**WHAT IS EXPECTED:** Copy the entries exactly. Leave out any pictures.

***

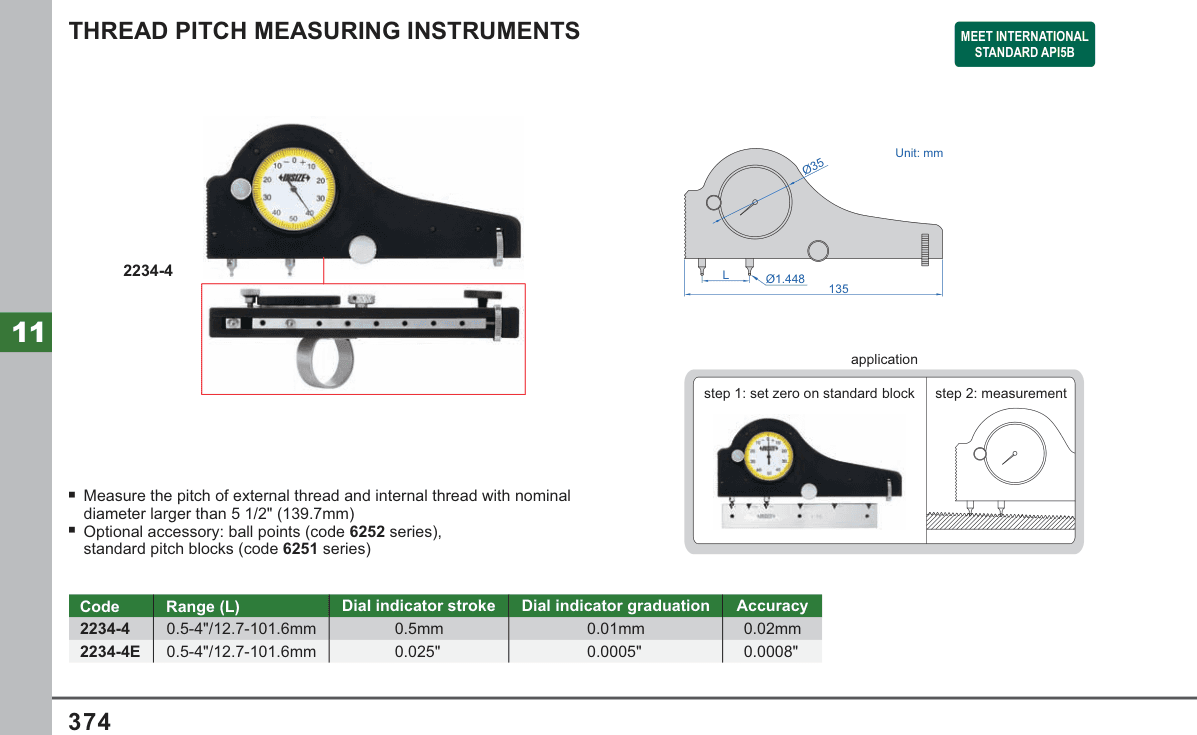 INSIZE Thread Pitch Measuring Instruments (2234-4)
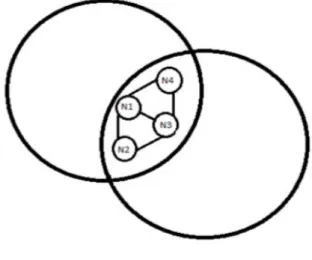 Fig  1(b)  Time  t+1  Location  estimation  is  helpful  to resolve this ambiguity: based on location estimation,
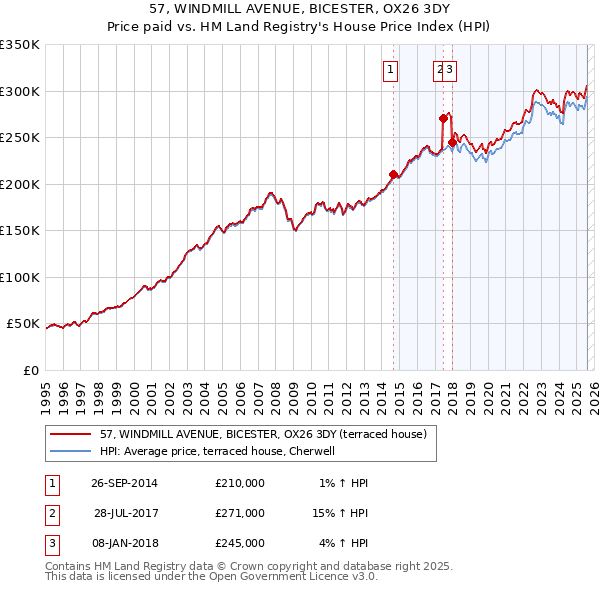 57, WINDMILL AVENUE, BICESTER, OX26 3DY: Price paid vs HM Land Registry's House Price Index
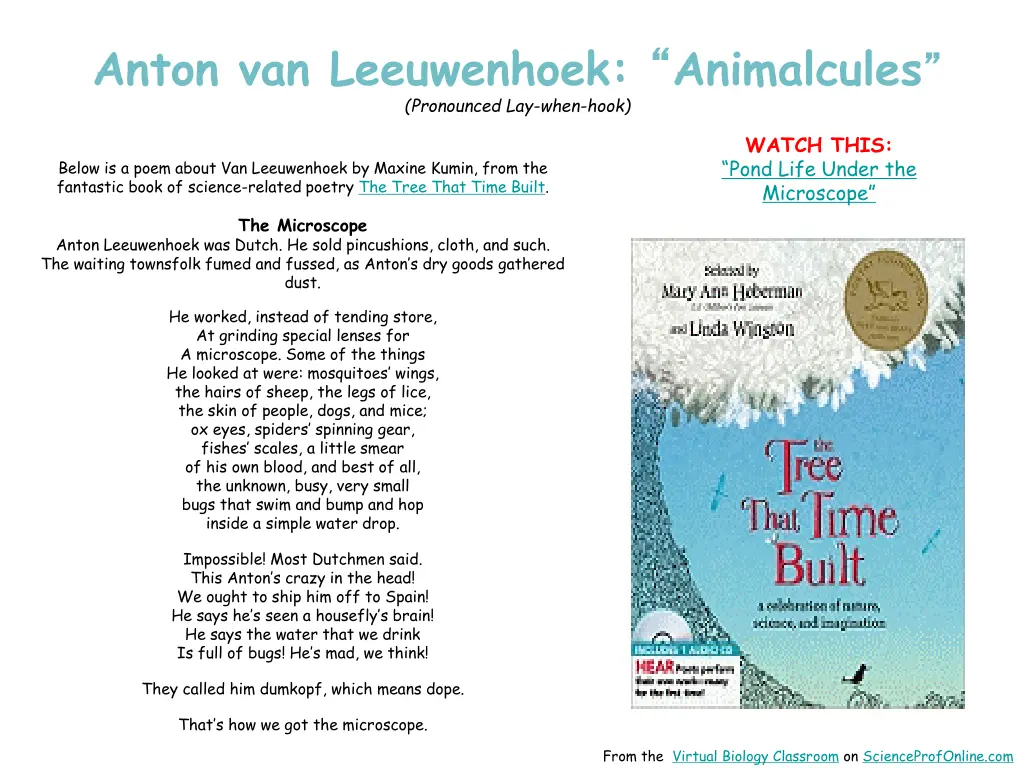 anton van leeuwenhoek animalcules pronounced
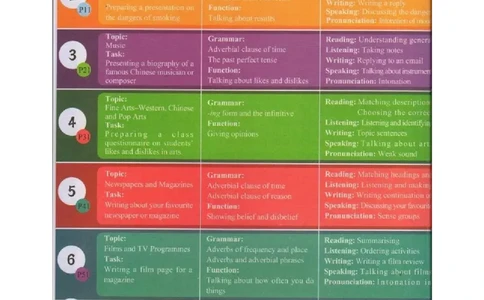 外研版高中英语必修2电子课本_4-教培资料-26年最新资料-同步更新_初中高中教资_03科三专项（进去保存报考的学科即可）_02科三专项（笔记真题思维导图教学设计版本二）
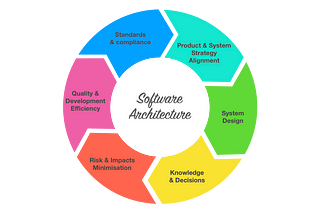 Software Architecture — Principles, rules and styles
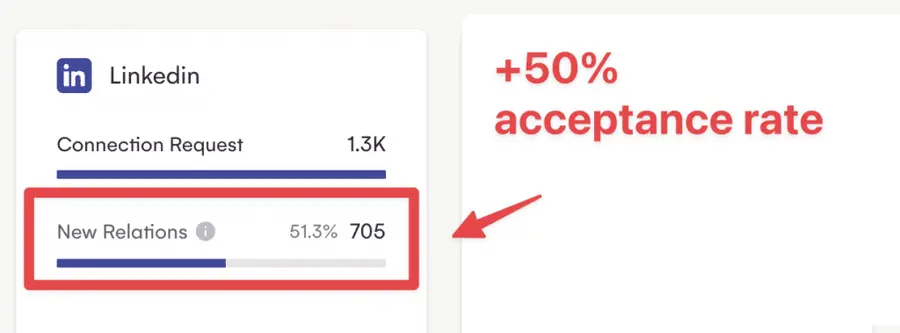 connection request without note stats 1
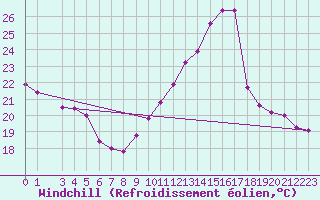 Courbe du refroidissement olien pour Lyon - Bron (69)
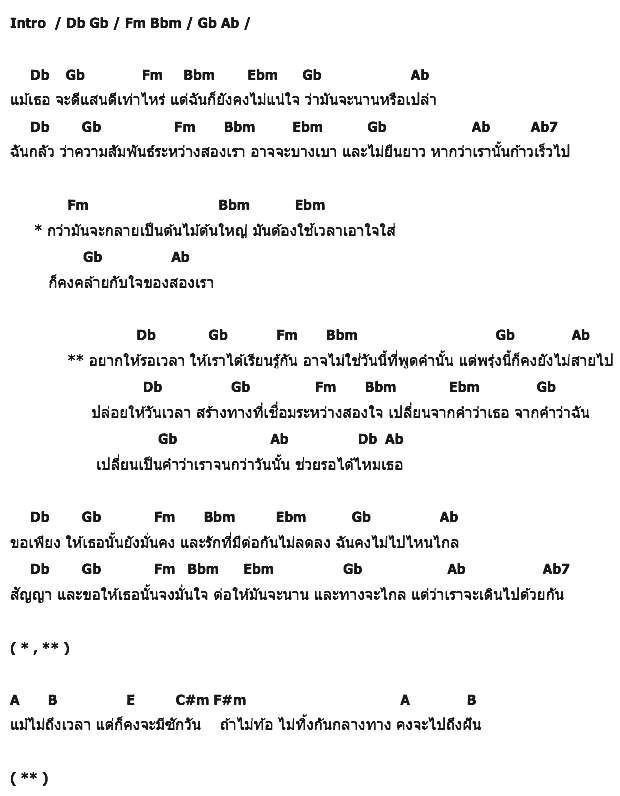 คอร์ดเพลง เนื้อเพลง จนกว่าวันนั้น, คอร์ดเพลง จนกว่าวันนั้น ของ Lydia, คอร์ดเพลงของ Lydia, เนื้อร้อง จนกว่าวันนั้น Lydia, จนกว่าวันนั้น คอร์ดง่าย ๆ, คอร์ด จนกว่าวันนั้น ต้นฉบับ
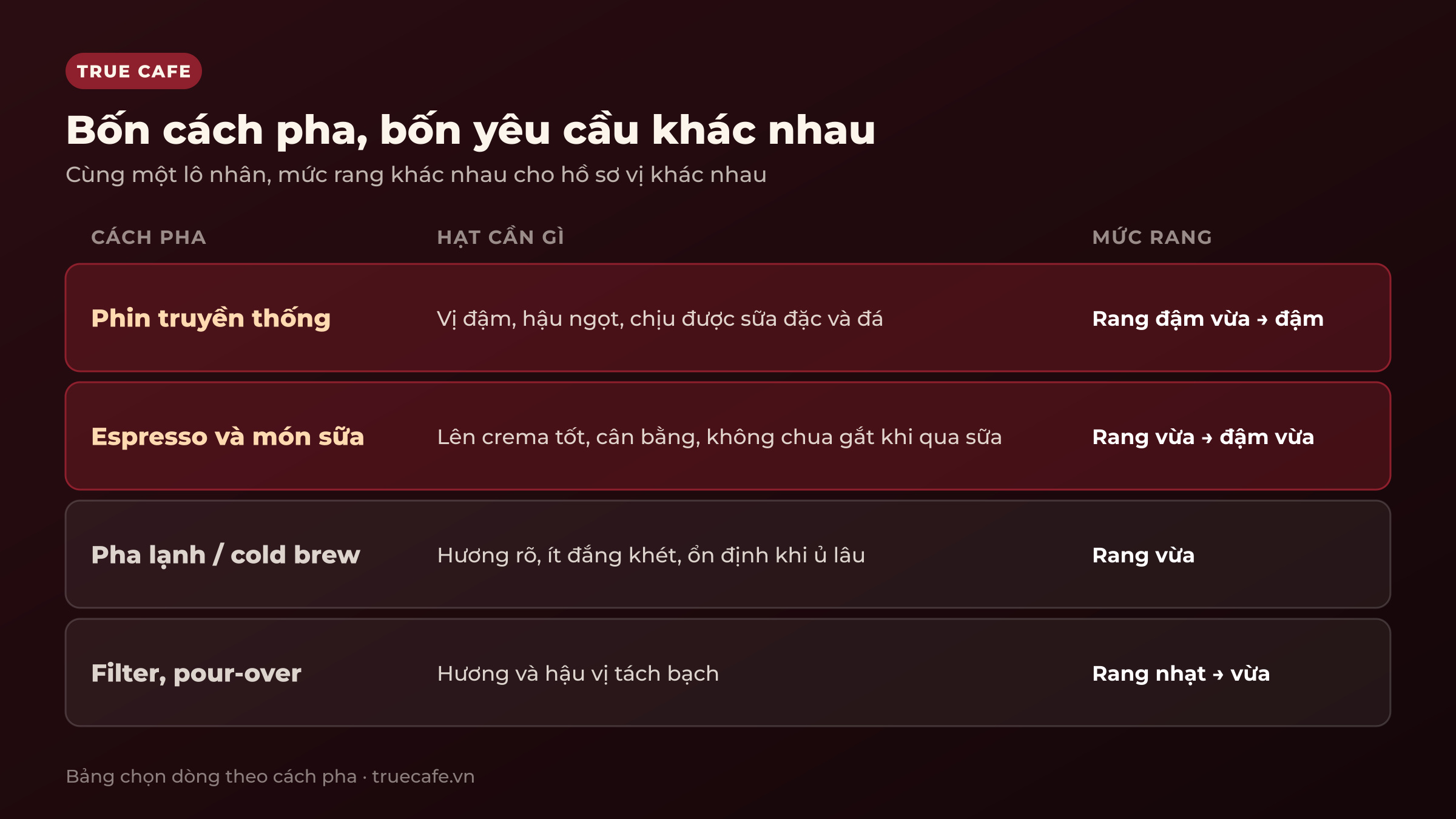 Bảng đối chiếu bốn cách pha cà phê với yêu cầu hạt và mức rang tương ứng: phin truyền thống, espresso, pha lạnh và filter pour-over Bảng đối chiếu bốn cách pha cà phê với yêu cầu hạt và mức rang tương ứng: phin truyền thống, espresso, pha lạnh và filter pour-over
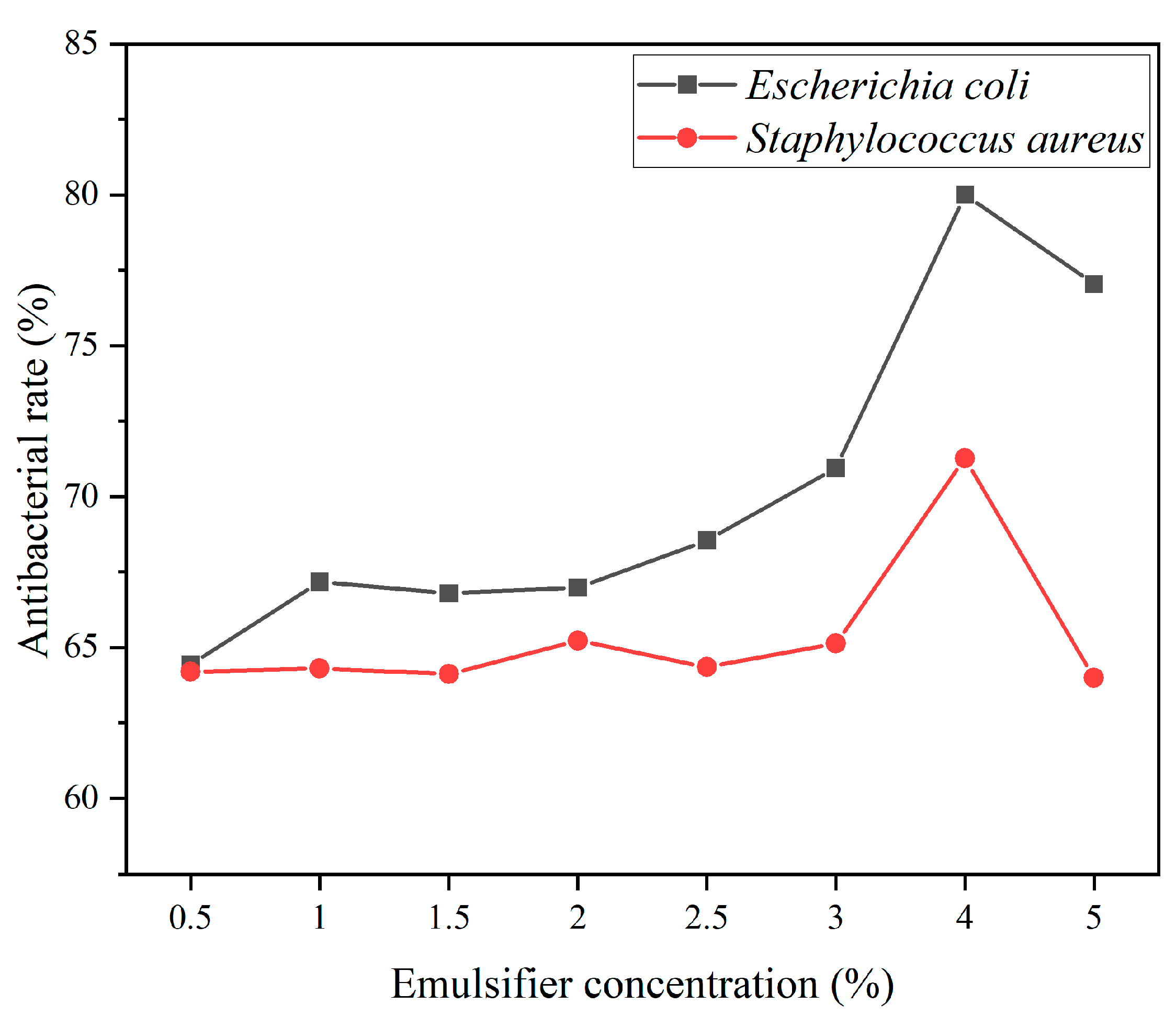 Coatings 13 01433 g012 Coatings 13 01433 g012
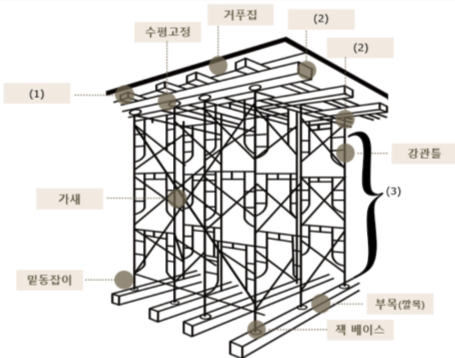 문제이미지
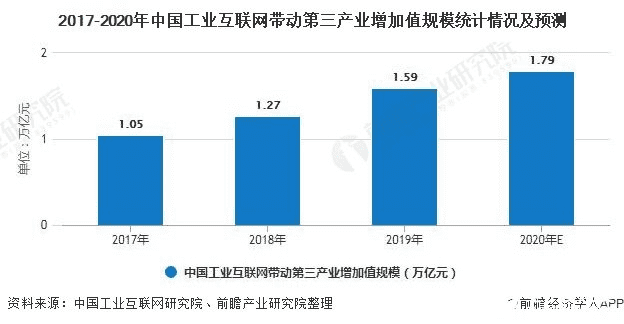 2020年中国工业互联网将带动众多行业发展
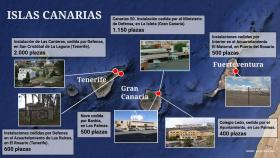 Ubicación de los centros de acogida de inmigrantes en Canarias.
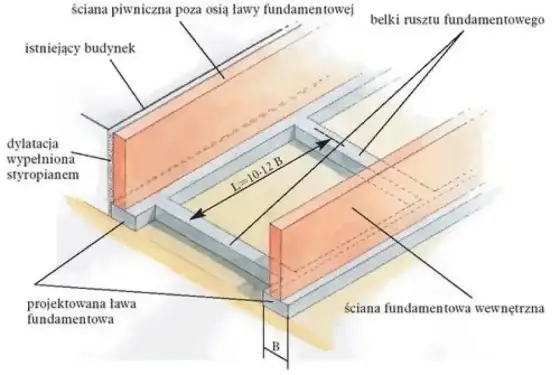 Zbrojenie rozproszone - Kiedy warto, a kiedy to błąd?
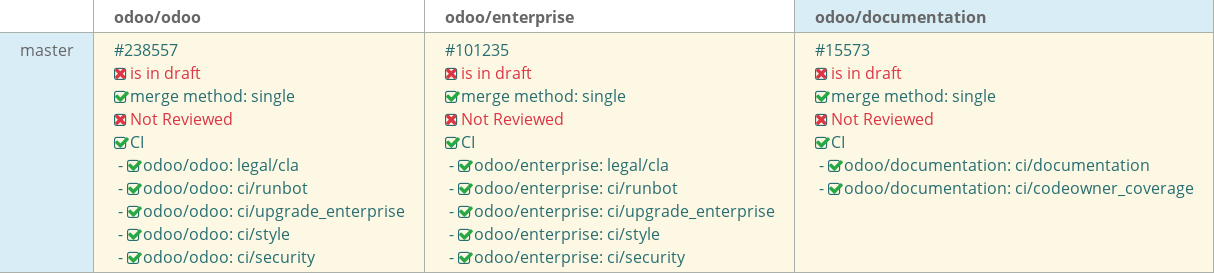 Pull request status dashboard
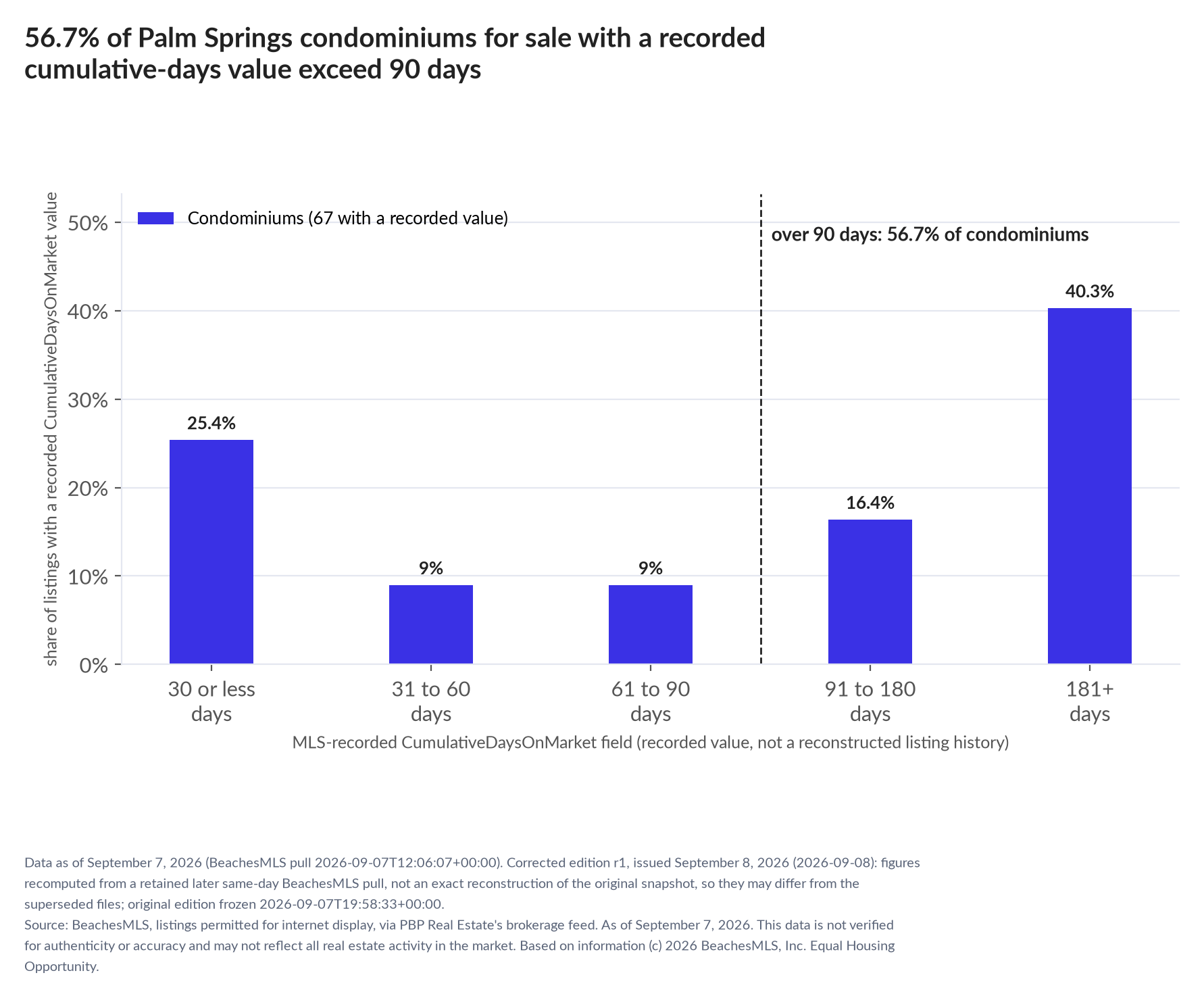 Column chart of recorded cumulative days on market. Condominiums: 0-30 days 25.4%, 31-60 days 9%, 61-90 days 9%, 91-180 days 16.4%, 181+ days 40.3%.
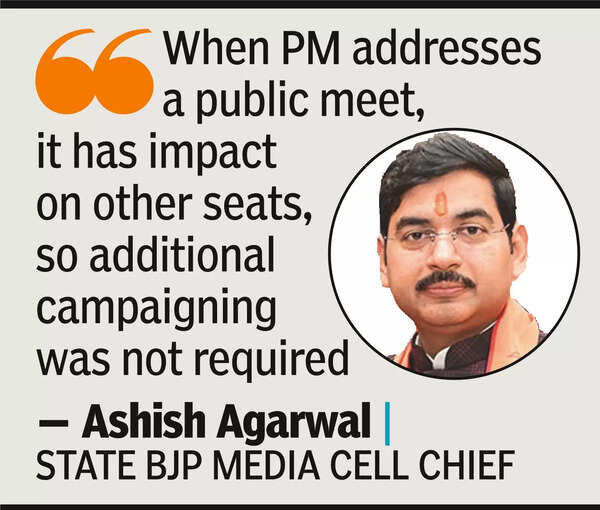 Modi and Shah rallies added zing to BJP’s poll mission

***

**OUTPUT OF THE TASK:**
 INSIZE Thread Pitch Measuring Instruments (2234-4)
 Fig  1(b)  Time  t+1  Location  estimation  is  helpful  to resolve this ambiguity: based on location estimation,
 57, WINDMILL AVENUE, BICESTER, OX26 3DY: Price paid vs HM Land Registry's House Price Index
 anton van leeuwenhoek animalcules pronounced
 外研版高中英语必修2电子课本_4-教培资料-26年最新资料-同步更新_初中高中教资_03科三专项（进去保存报考的学科即可）_02科三专项（笔记真题思维导图教学设计版本二）
 Software Architecture — Principles, rules and styles
 connection request without note stats 1
 Courbe du refroidissement olien pour Lyon - Bron (69)
 คอร์ดเพลง เนื้อเพลง จนกว่าวันนั้น, คอร์ดเพลง จนกว่าวันนั้น ของ Lydia, คอร์ดเพลงของ Lydia, เนื้อร้อง จนกว่าวันนั้น Lydia, จนกว่าวันนั้น คอร์ดง่าย ๆ, คอร์ด จนกว่าวันนั้น ต้นฉบับ
 Bảng đối chiếu bốn cách pha cà phê với yêu cầu hạt và mức rang tương ứng: phin truyền thống, espresso, pha lạnh và filter pour-over Bảng đối chiếu bốn cách pha cà phê với yêu cầu hạt và mức rang tương ứng: phin truyền thống, espresso, pha lạnh và filter pour-over
 Coatings 13 01433 g012 Coatings 13 01433 g012
 문제이미지
 2020年中国工业互联网将带动众多行业发展
 Ubicación de los centros de acogida de inmigrantes en Canarias.
 Zbrojenie rozproszone - Kiedy warto, a kiedy to błąd?
 Pull request status dashboard
 Column chart of recorded cumulative days on market. Condominiums: 0-30 days 25.4%, 31-60 days 9%, 61-90 days 9%, 91-180 days 16.4%, 181+ days 40.3%.
 Modi and Shah rallies added zing to BJP’s poll mission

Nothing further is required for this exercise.